PROBLEM
Please output exactly the lines from the one containing "Kaimu Jiebba BF522" through the end of the records below, leaving out any pictures.
#####
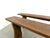 Oak Benches with Wing Legs, France, 1970s, Set of 2 For Sale - Image 15 of 18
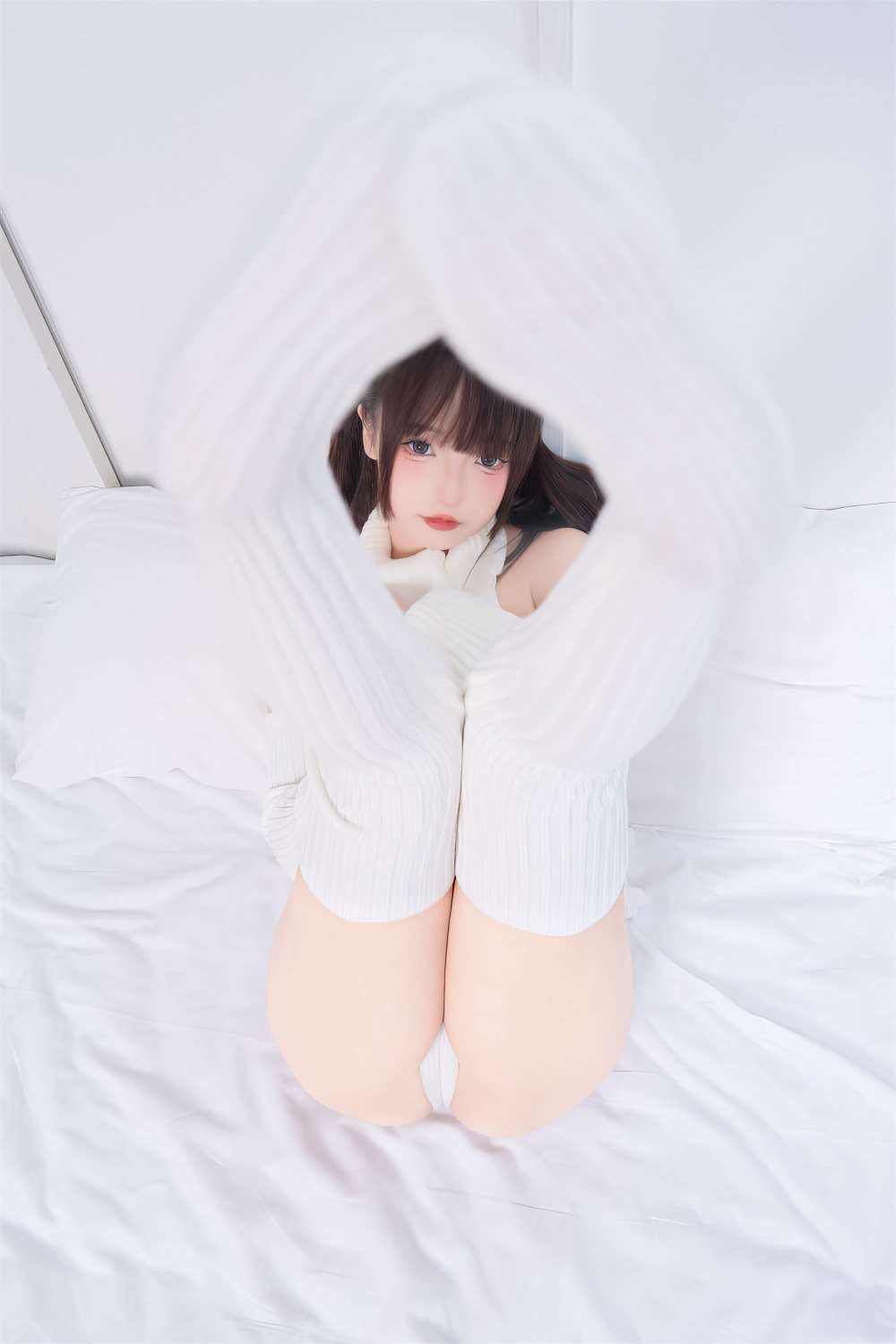 神楽坂真冬写真《斩男毛衣》[76P/2V/1.39G]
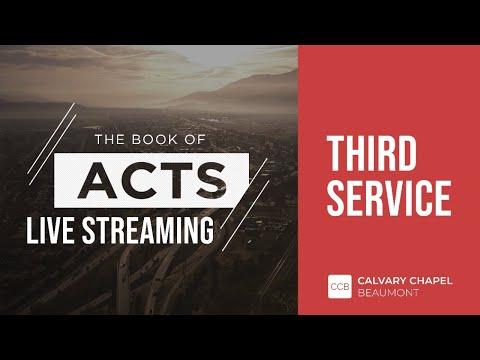 "Jesus Didn’t Rescue Me" Acts 23:11-35 (with worship)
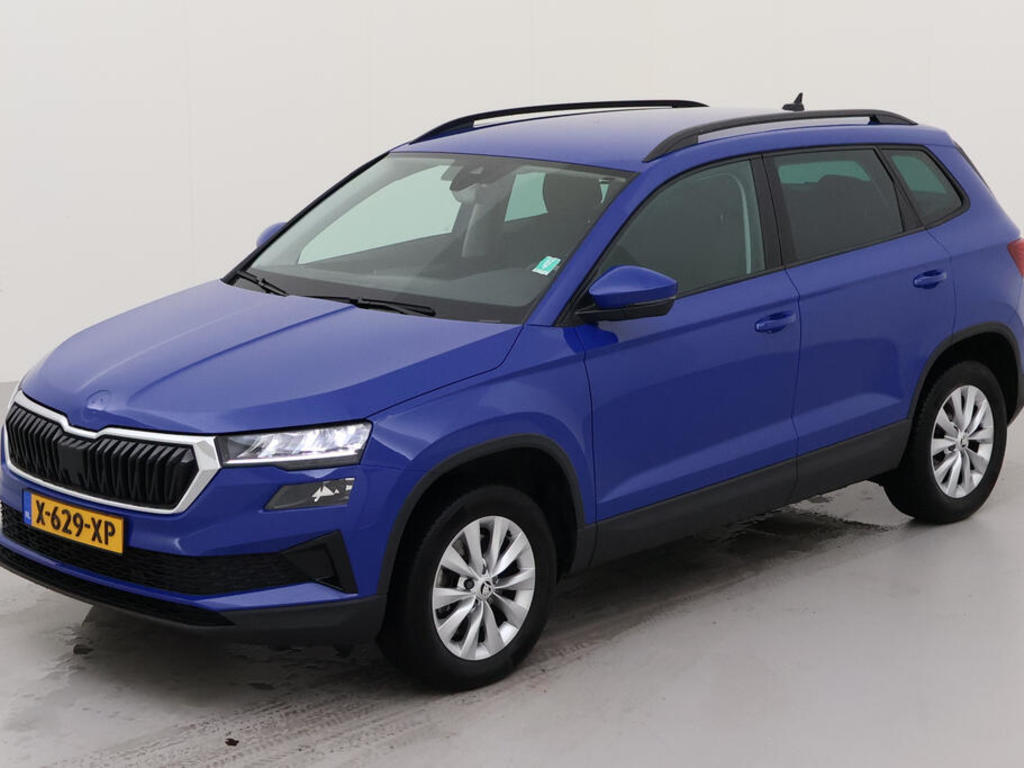 Skoda Karoq 1.5 TSI 150PK DSG BUSINESS EDITION TECH COMFORT TRAVELASSIST, 2024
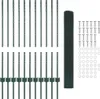 vidaXL Schweissdrahtzaun mit Pfosten 25 x 1 m Verzinkter Produktbild-Vorschau 6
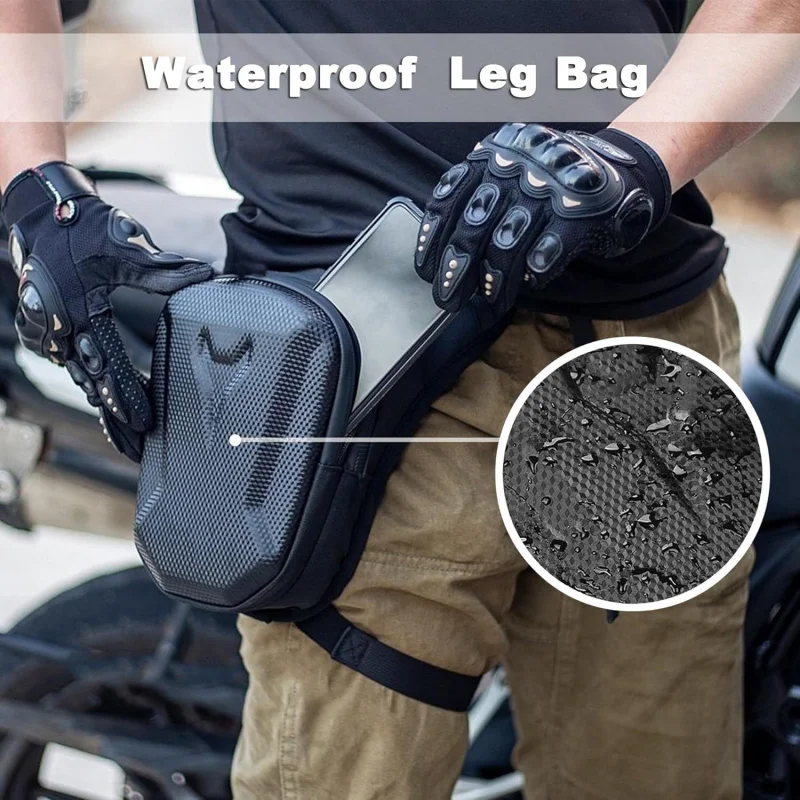 Motorcycle Leg Tank Bag Waterp - đánh giá và giá Motorcycle Gear Companies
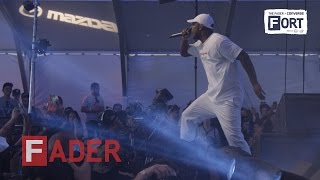 Skepta, &quot;It Ain&#39;t Safe (ft. A$AP Bari)&quot; - Live at The FADER FORT presented by Converse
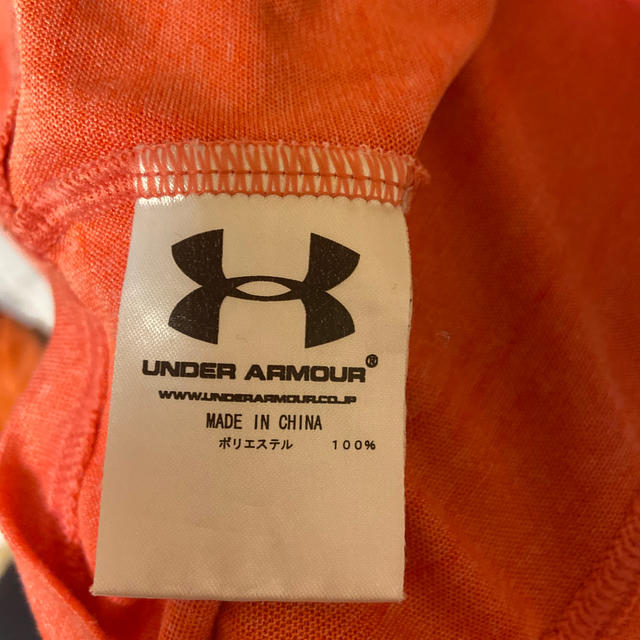 UNDER ARMOUR(アンダーアーマー)のアンダーアーマー　半袖Tシャツ　140  キッズ/ベビー/マタニティのキッズ服男の子用(90cm~)(Tシャツ/カットソー)の商品写真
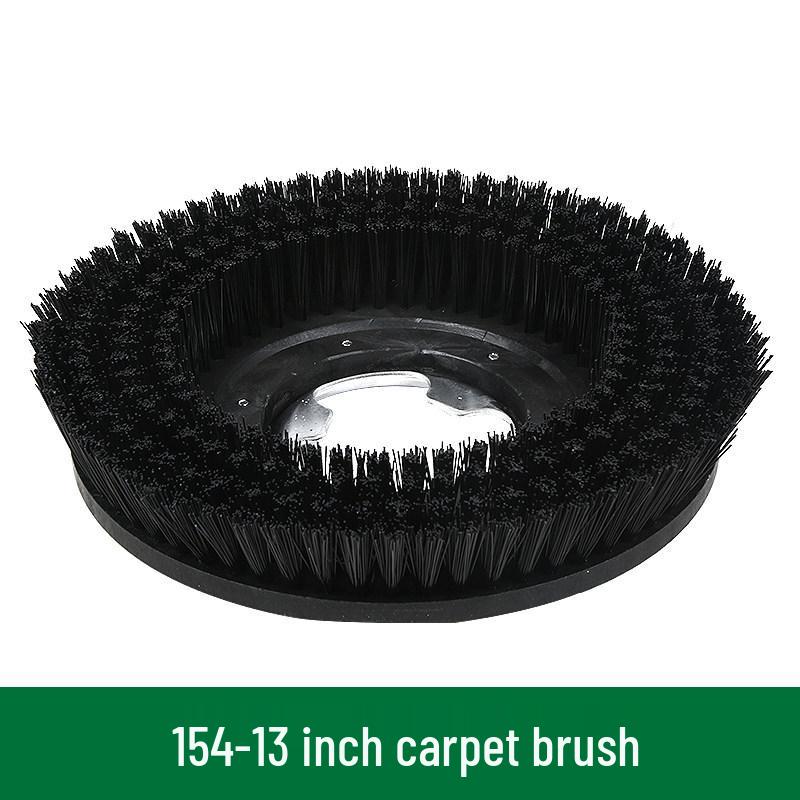 Kaimu Jiebba BF522 Floor Cleaning Accessories: 175 Floor Scrubber Brush, Carpet Brush, 17-inch Pad Holder, 154 Brush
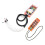 (26V‑635V(Full Voltage)) Wireless Crane Remote Control H23C++ 12V36V Low Voltage 5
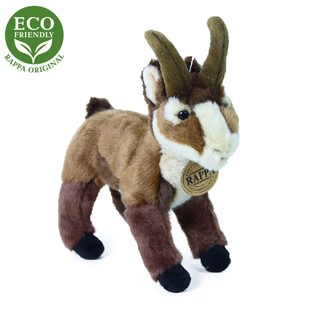 Plyšový kamzík stojící 20 cm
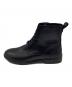 ECCO (エコー) レースアップブーツ ブラック サイズ:23.5㎝：8000円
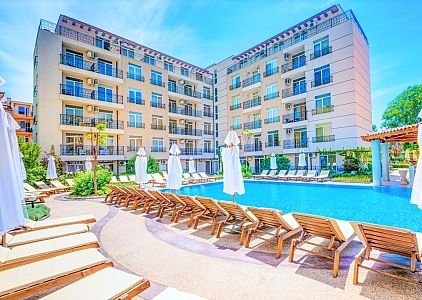 Трехкомнатная  квартира в красивом комплексе . Фото 8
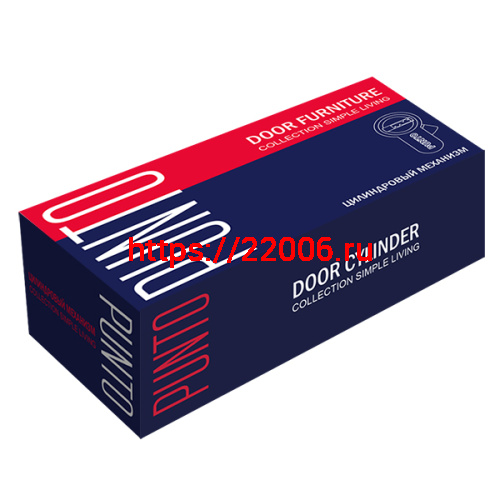 Цилиндровый Punto (Пунто) механизм (A200/80) A2000Key80(35+10+35) SN никель фото 2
#####
TASK ANSWER
 Kaimu Jiebba BF522 Floor Cleaning Accessories: 175 Floor Scrubber Brush, Carpet Brush, 17-inch Pad Holder, 154 Brush
 (26V‑635V(Full Voltage)) Wireless Crane Remote Control H23C++ 12V36V Low Voltage 5
 Plyšový kamzík stojící 20 cm
 ECCO (エコー) レースアップブーツ ブラック サイズ:23.5㎝：8000円
 Трехкомнатная  квартира в красивом комплексе . Фото 8
 Цилиндровый Punto (Пунто) механизм (A200/80) A2000Key80(35+10+35) SN никель фото 2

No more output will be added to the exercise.